Results: Credibility intervals for heritability estimations overlapped across all methods and visit scenarios, but estimated heritabilities tended to be higher when left censoring was reduced. For sires with at least 5 daughters, the correlations between estimated breeding values (EBVs) from our three-visit scenario and each reduced data scenario varied by method, ranging from 0.65 to 0.95. The estimated breed effects also varied by method, but breed differences were smaller as phenotype censoring increased.
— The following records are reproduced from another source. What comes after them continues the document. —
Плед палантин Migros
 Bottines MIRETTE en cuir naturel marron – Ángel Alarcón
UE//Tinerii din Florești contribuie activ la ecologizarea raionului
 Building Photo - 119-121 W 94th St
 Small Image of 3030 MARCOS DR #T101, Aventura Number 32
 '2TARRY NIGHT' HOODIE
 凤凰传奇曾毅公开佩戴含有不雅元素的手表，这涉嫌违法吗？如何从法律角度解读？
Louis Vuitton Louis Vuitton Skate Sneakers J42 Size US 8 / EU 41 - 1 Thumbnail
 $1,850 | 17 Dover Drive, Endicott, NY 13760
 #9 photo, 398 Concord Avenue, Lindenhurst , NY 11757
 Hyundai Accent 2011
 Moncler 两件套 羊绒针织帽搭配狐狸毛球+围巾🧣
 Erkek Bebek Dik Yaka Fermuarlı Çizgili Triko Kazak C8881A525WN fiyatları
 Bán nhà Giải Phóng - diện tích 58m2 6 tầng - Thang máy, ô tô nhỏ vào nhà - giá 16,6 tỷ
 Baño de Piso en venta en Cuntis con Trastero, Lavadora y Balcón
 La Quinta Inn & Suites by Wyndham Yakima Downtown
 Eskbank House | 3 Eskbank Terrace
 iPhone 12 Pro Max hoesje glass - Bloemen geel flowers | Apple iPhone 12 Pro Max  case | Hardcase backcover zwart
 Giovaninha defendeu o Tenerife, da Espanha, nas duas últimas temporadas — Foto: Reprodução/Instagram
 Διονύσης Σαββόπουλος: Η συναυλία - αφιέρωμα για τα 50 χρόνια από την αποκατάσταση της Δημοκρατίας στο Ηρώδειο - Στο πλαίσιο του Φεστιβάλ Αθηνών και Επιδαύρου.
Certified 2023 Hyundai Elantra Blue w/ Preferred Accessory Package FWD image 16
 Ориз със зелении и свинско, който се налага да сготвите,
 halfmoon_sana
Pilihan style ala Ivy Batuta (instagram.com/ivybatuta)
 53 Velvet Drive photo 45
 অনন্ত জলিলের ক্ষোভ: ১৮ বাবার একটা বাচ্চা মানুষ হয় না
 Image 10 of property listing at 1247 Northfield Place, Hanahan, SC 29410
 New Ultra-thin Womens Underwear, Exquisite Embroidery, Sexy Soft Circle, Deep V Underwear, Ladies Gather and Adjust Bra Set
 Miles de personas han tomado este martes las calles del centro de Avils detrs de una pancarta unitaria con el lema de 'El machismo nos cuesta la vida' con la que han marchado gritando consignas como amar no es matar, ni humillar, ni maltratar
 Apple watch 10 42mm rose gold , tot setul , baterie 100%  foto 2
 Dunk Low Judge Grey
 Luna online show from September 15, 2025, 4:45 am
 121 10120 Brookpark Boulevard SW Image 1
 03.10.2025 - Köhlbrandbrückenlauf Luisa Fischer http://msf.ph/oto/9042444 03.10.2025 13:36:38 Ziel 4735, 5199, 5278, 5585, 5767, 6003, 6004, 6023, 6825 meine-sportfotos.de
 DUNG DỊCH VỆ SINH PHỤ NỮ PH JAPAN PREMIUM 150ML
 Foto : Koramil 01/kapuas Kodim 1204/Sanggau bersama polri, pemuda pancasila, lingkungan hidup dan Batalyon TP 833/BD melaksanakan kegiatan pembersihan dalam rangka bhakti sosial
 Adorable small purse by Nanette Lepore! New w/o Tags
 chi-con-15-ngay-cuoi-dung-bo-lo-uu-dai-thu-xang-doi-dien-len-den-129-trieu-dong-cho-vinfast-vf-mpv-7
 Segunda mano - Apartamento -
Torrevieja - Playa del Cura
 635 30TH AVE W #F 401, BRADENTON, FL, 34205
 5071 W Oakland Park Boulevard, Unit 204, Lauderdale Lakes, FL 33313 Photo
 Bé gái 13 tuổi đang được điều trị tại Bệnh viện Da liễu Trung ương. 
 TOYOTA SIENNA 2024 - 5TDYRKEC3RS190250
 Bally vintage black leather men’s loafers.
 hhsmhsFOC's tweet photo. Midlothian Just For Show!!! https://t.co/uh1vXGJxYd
Conclusion: Our results indicate that using some methods, phenotypes derived from one observation per offspring for a time-dependent trait such as AGEP4 may provide comparable sire rankings to three observations per offspring. This has implications for the design of large-scale phenotyping initiatives where animal breeders aim to estimate variance parameters and estimated breeding values (EBVs) for phenotypes that are challenging to measure or prohibitively expensive.

Abstract Image

查看原文

微信好友朋友圈 QQ好友复制链接

本刊更多论文

从不完全观察数据中获得表型的方法与应用于奶牛青春期年龄的比较。

背景:动物育种中的许多表型是由不完整的测量得出的，特别是如果它们具有挑战性或昂贵的精确测量。例子包括与时间相关的特征，如生殖状态或寿命。对这些性状的不完整测量导致表型受制于左、间隔和右审查，其中表型仅分别落在上界之下、下界和上界之间或下界之上。在这里，我们比较了三种从不完整数据中获得表型的方法，使用血浆孕酮(AGEP4)的首次升高年龄(>.1 ng/mL)，通常与青春期的开始一致，作为一个例子特征。方法:我们从新西兰54个季节性产犊放牧畜群中约5000头荷斯泰因-弗里西亚或荷斯泰因-弗里西亚×泽西杂交乳牛中采集的三份血液样本中提取AGEP4表型，每隔30天采集一次。我们使用这些实际数据模拟了7种不同的访问场景，通过忽略三次访问中的一两次数据来增加审查的程度。从这些数据中提取表型的方法有三种:1)使用分类阈值分析对有序分类变量进行分析;2)连续变量，右截尾表型的惩罚为31 d;3)连续变量，使用数据增强方法从下界和上界内采样。结果:遗传率估计的可信区间在所有方法和访问场景中都有重叠，但当左侧审查减少时，估计的遗传率往往更高。对于至少有5个子代的母猪，我们的三次访问情景和每个简化数据情景的估计育种值(ebv)之间的相关性因方法而异，范围为0.65至0.95。估计的品种效应也因方法而异，但随着表型审查的增加，品种差异较小。结论:我们的研究结果表明，使用一些方法，对AGEP4等时间依赖性性状，每个后代一次观察得出的表型可以提供与每个后代三次观察相当的父系排名。这对大规模表型计划的设计具有启示意义，在这些计划中，动物育种者旨在估计具有挑战性或昂贵的表型的方差参数和估计育种值(ebv)。

本文章由计算机程序翻译，如有差异，请以英文原文为准。

求助全文

约1分钟内获得全文去求助

来源期刊

Journal of Animal Science and Biotechnology AGRICULTURE, DAIRY & ANIMAL SCIENCE-

CiteScore

9.90

自引率

2.90%

发文量

822

审稿时长

17 weeks

期刊介绍： Journal of Animal Science and Biotechnology is an open access, peer-reviewed journal that encompasses all aspects of animal science and biotechnology. That includes domestic animal production, animal genetics and breeding, animal reproduction and physiology, animal nutrition and biochemistry, feed processing technology and bioevaluation, animal biotechnology, and meat science.